• _Work order_: Pictures appear among the records below and must be omitted. Repeat exactly the lines from the line with "shortcuts सीखने से" to the line with "GBPJPY Rebounded on", both included.

• _Records provided_:
Start of Block

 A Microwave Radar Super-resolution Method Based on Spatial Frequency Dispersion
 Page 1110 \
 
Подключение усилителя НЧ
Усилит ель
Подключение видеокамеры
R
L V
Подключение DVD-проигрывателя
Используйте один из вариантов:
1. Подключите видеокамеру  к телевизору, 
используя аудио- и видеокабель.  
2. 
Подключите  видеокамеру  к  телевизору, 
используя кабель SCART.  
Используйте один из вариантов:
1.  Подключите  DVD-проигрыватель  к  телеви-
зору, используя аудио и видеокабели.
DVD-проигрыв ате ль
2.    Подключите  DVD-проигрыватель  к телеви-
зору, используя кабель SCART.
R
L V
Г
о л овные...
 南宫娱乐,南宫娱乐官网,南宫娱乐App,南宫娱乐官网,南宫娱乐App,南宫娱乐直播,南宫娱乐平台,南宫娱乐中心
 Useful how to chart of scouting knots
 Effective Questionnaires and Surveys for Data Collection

End of Block
Start of Block

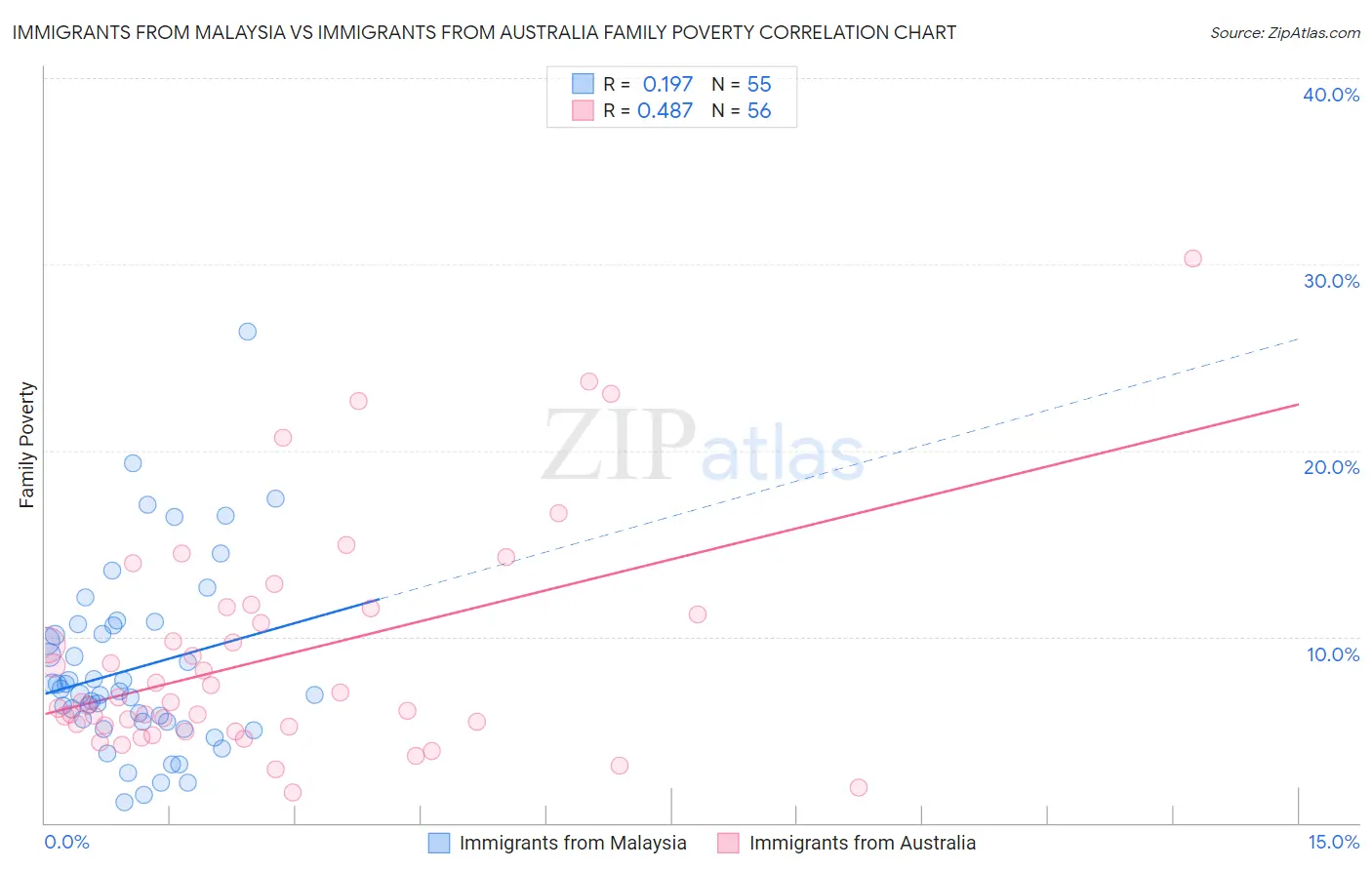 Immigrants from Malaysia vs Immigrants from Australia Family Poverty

End of Block
Start of Block

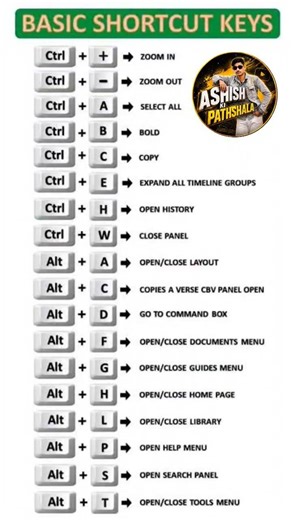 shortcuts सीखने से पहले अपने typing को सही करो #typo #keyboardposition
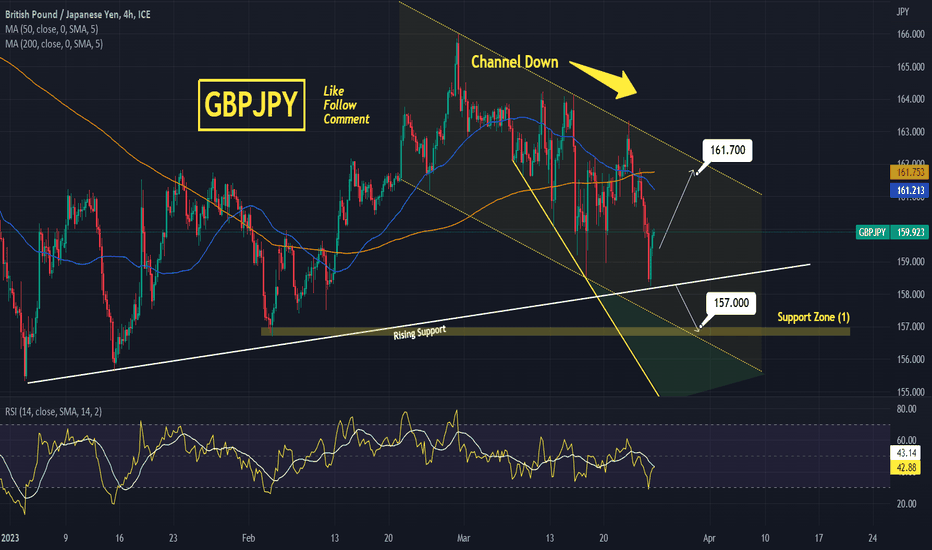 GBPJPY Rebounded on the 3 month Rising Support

End of Block

• _Solution_:
 shortcuts सीखने से पहले अपने typing को सही करो #typo #keyboardposition
 GBPJPY Rebounded on the 3 month Rising Support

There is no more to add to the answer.